**Required work:** Starting at the line below with "Şi mai puţine" and stopping at the line with "2017 TOYOTA CAMRY LE photo 4", please print each line exactly, those two included, and skip every picture.

**Given records:**
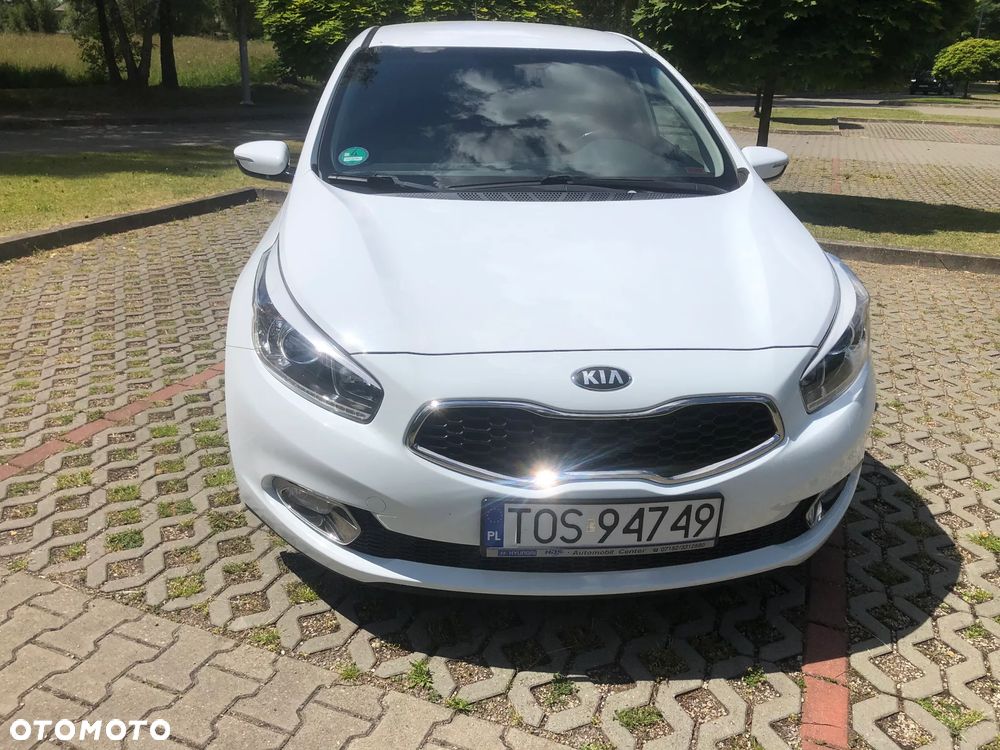 Kia Ceed 1.6 CRDi 128 Dream Team Edition - 6
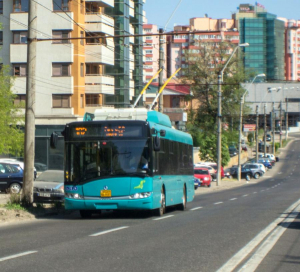 Şi mai puţine mijloace de transport pe traseele oraşului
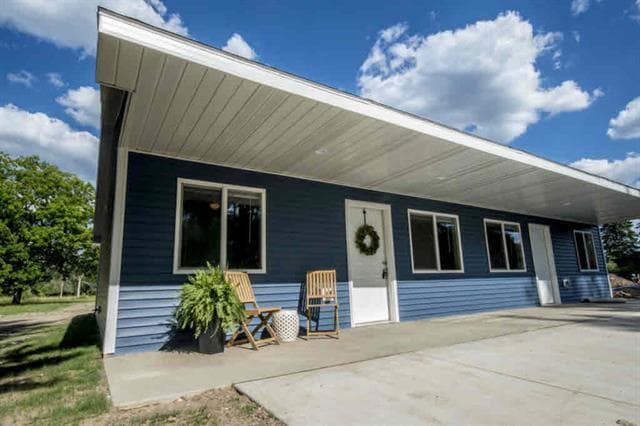 property at 4015 Bay City Rd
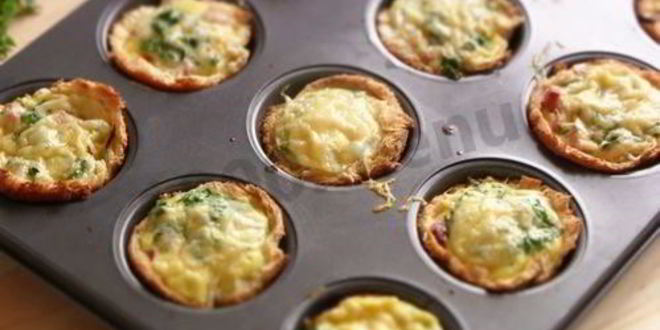 Рецепт корзиночек из тостового хлеба с колбасой и сыром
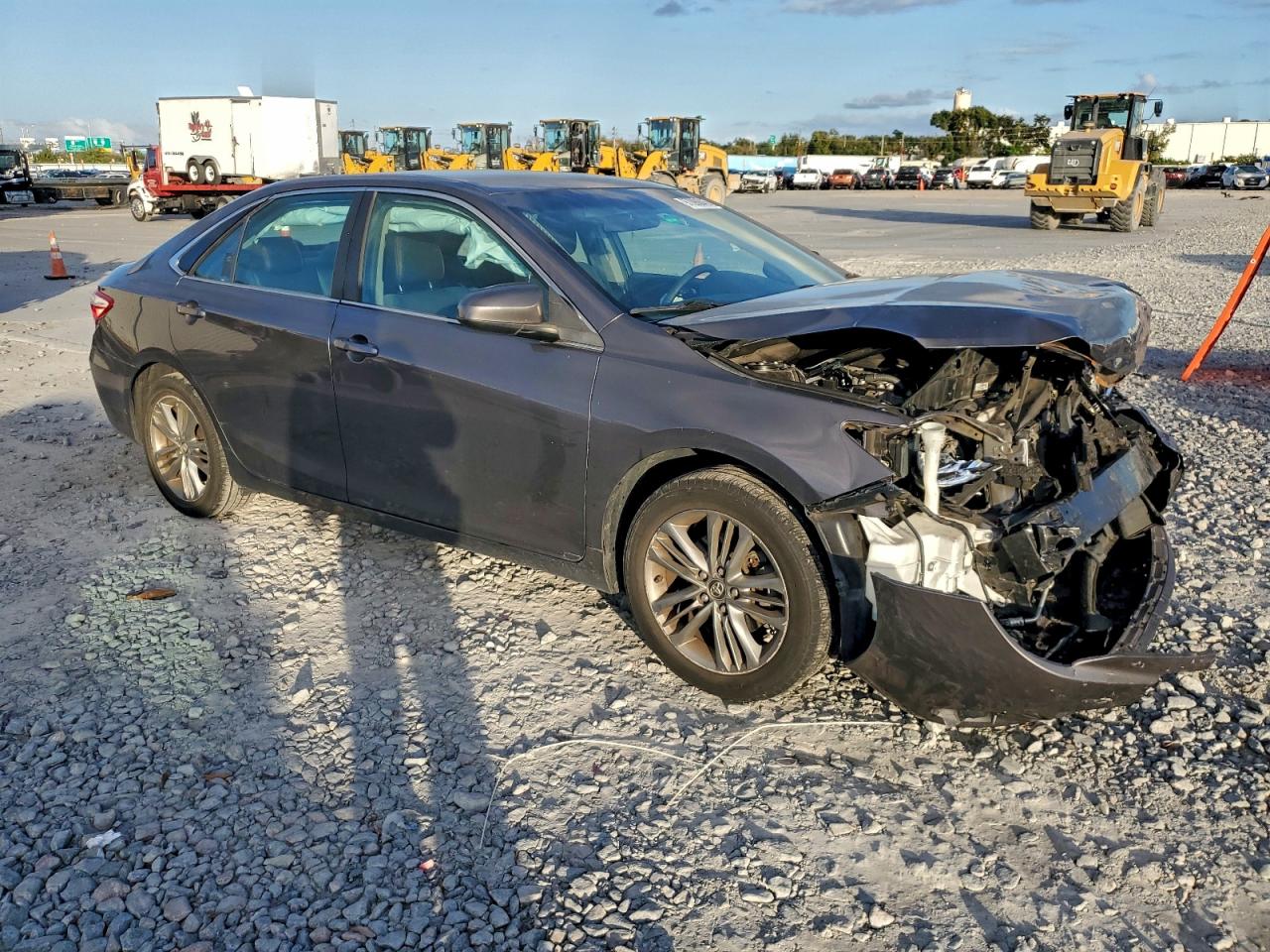 2017 TOYOTA CAMRY LE photo 4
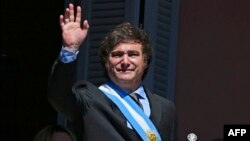 El presidente argentino Javier Milei saluda a las multitudes en Buenos Aires, el 10 de diciembre del año pasado, durante el acto formal de su ascensión al poder. El mandatario respondió este martes a las críticas del jefe de Estado venezolano, Nicolás Maduro.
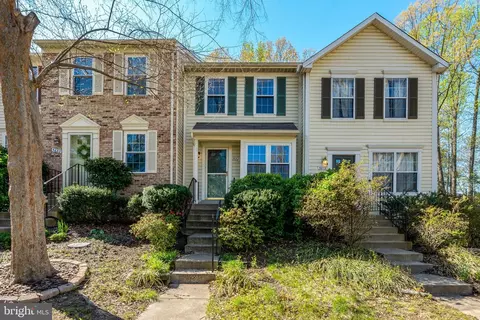 5680 White Dove Ln, Clifton, VA 20124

**Result of this exercise:**
 Şi mai puţine mijloace de transport pe traseele oraşului
 property at 4015 Bay City Rd
 Рецепт корзиночек из тостового хлеба с колбасой и сыром
 2017 TOYOTA CAMRY LE photo 4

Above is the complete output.